点滴しながら自転車を漕ぐ
朝晩の風に夏の終わりを感じた8月下旬、「自転車通勤を復活させよう」と思った。
夏のほとんどを占めた入院生活の反動か、狭い空間でシートベルトと渋滞に縛られながらのクルマ通勤に耐えられなくなってきた。
それで、8月31日。多くの小学生が夏休み最終日の切ない朝を迎えているだろうとき、愛車の電動アシスト付き自転車をわくわくしながら稼働させた。わくわくの8月末日もあるのだよ。人生長くなると(最近は8月後半から始まる学校も多いみたいだけど)。
朝の光と風が顔にあたったとたん、心地よさが全身に沁みわたる。
「ああ自由だ」と感じた。
これから旅に出るのではなく、行き先はいつもの職場だけど。
24時間点滴で栄養とるべく、鎖骨の下にポートを埋めようと言われたときは、これまでできた日常のいろんなことができなくなるんだろう、と涙がこぼれた。
でも、点滴一式装着ベストを手に入れて、こうして自転車にも乗れる。
なんて自由なのだ。
話がそれるけれど、「自由」について娘と語り合ったことがある。
絶食になって以降、日本がどれだけ美味しいものであふれているか改めて思い知った私が、ヒマな入院中にふと考えた。これだけ安くて美味しいものがあふれているのに、「#美味しいものを食べる幸せ」って言葉だってあふれているのに、どうして幸福度ランキングで日本って下位なのだろう。
毎日同じようなパサついたものばかり食べていそうな国の幸福度が高いのは何でなんだろう。
若者の意見を聞くべく娘に問うと、彼女は少し考えてこう答えた。
「幸福度の高い国って、自分の人生は自由だっていう確信があるんじゃないのかな。働いて家族養ってても、その中でいかに自由を勝ち取るかってシステムがちゃんとできてるんだろうし。美味しいものにアクセスできることより、自分の自由度がそのまま幸福度なんじゃない?」
たしかに、日本は学校でも協調性を学ぶシステムはすばらしく完成されているけど、「自由」についての学びは全然足りないと思う。
それはさておき娘よ、良いことを言ってくれた。
母は美味しいものお預けだけれど、日々の小さな自由を求めてこれまで通りに過ごしていくよ。
で、自転車通勤に戻るけれど。
今年ほとんど体感できなかった夏のなごりが私を待っていてくれた。
百日紅はあまり好きではなかったけど、通勤途中あちこちにあって
とても美しかった。ビビッドな花の色も、勢いのある枝ぶりも。
去年フェンスにのぼっていたセンニンソウは刈られて消滅してしまったので、職場近くの別のスポットへ香りをクンクンしに。
病気持ちになってからの私の「感謝リスト」。
社会生活も自転車漕ぎをも可能にしたこの点滴ベスト、デビューしたその日に上位に躍り出た。

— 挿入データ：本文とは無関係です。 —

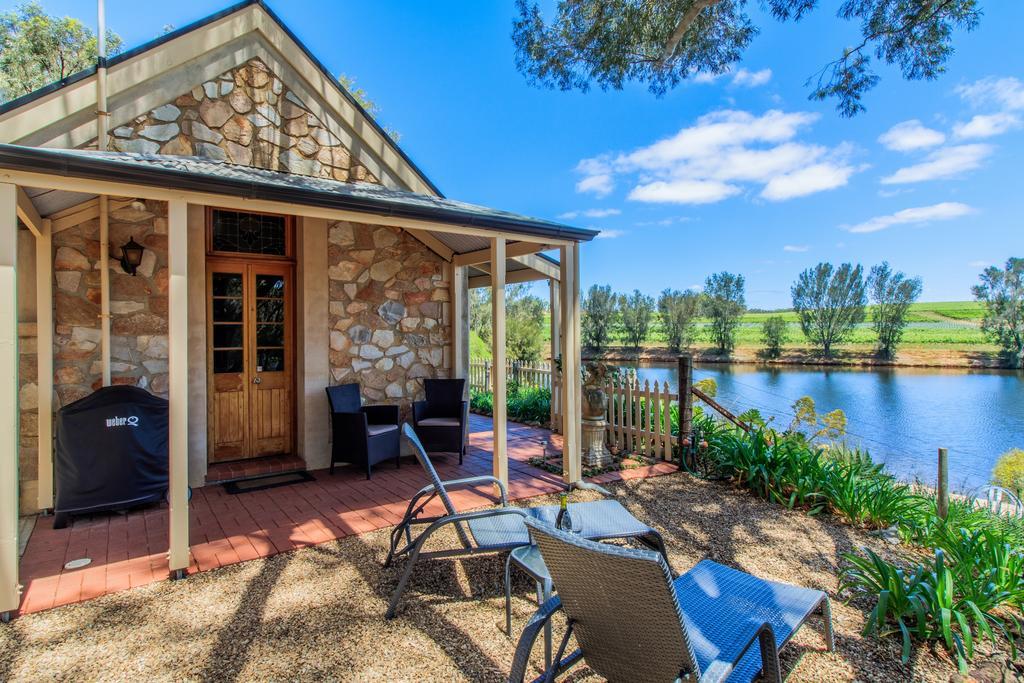 Stonewell Cottages And Vineyards Tanunda Buitenkant foto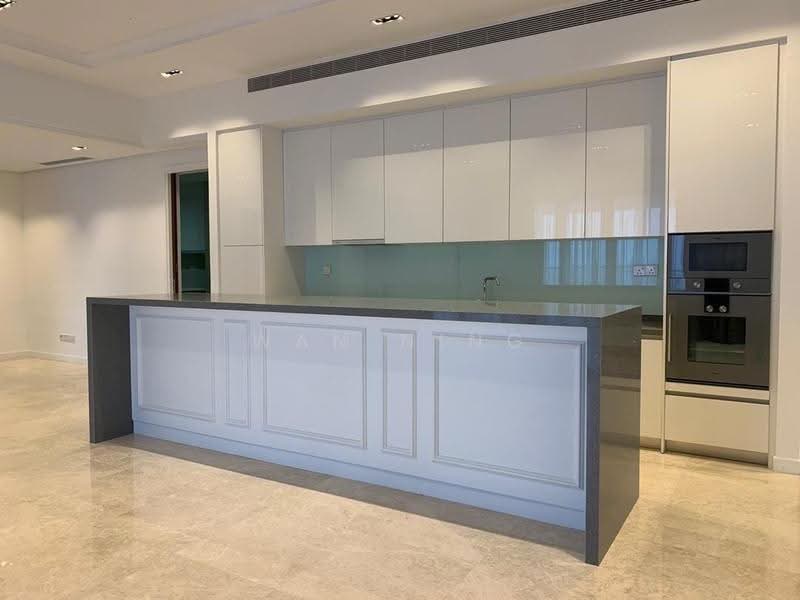 Service Residence for Rent at The Astaka @ 1 Bukit Senyum - Wan Ning - Kitchen - PropertyGuru.com.my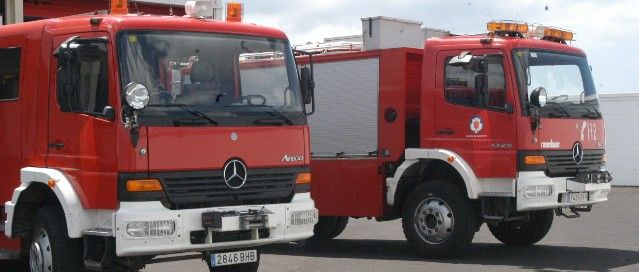 Un restaurante de El Golfo sufre un conato de incendio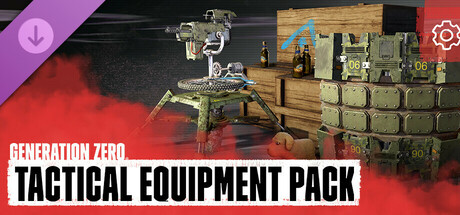 Boxart for Generation Zero® - Tactical Equipment Pack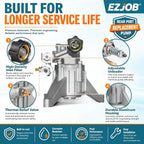 2400-2800PSI Pressure Washer Pump Replacement, Vertical 7/8'' Shaft 2.5 GPM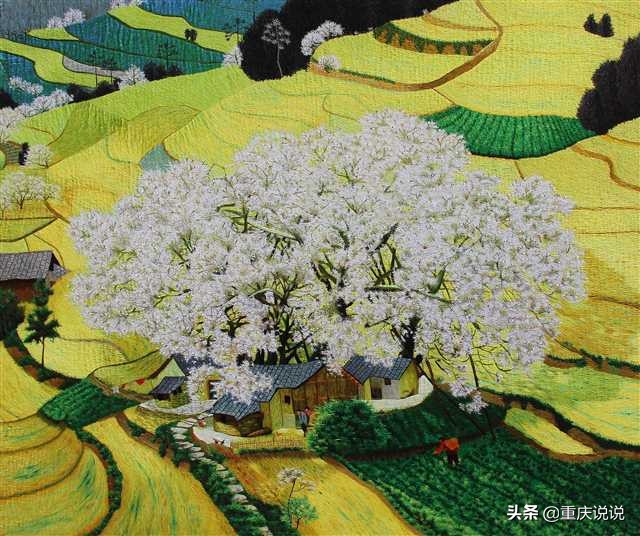 绣娘重庆,手工刺绣小店非遗传承老店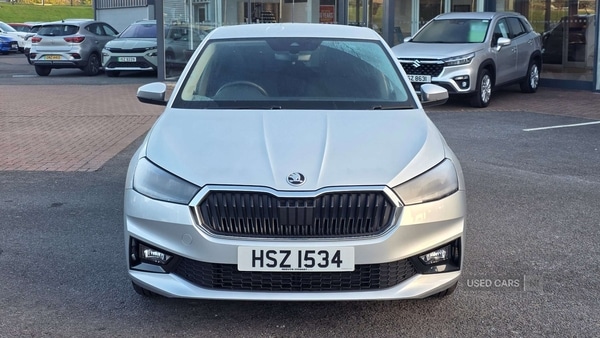 Used Skoda Fabia 2023 for sale - 76378186: Photo 2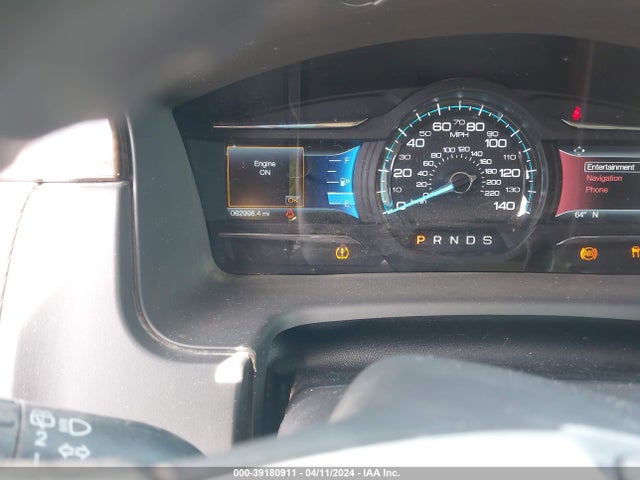 Ford Flex Limited 2016 2FMHK6D87GBA10299 Image 7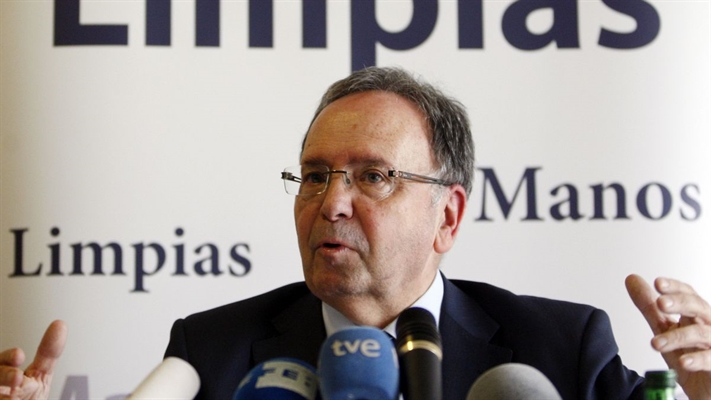ENTREVISTA A MIGUEL BERNAD DE MANOS LIMPIAS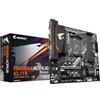 GIGABYTE B550M AORUS ELITE Scheda madre - CPU AMD Ryzen 5000, VRM a 5+3 fasi, fino a 4733 MHz DDR4, 1xPCIe 4.0 + 1xPCIe 3.0 M.2, LAN 1GbE, USB 3.2 Gen 1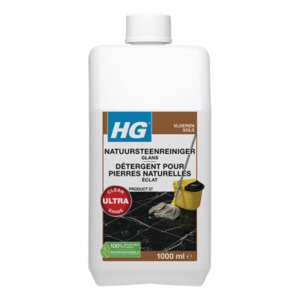 HG HG Natuursteen reiniger glansherstellend nr. 37 - 1 liter - 0
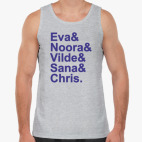 Мужская майка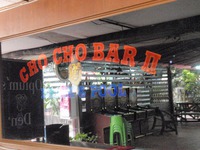 CHO CHO BARⅡの写真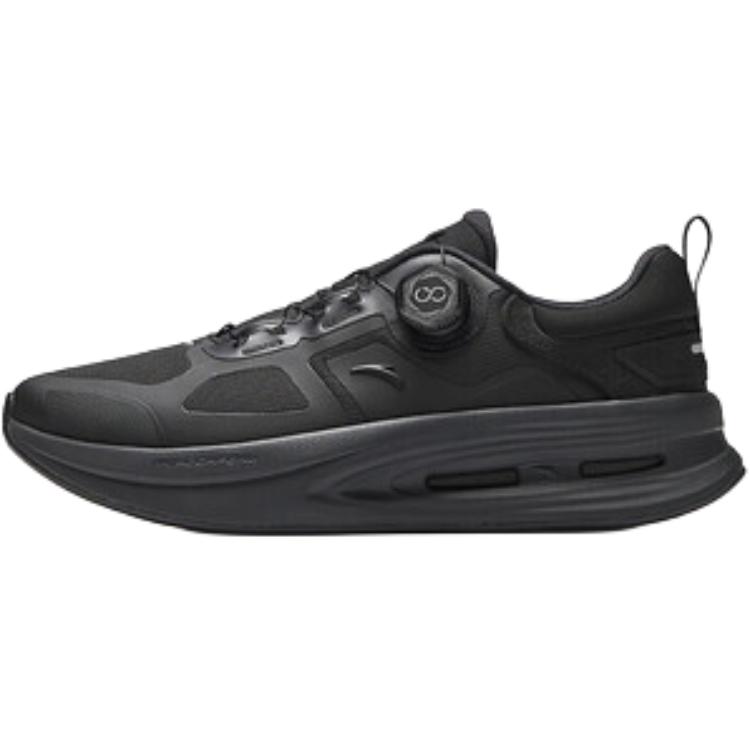 Anta Commuting Cushioning Running Mid-Top Training Shoes Unisex sneakers 112547712R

このベストはぜひもう一着、ということでただいま製作中。
最後に、最近の夏のなごりご飯。
前日の残り活用ご飯はずっと続く。
キッチンに立って思いのままご飯作る自由も、また幸福。
野菜高くて毎日茶色っぽいのだけど、いいのだ。輸液だけでも元気に生きられるのだから、なんだっていいのだ。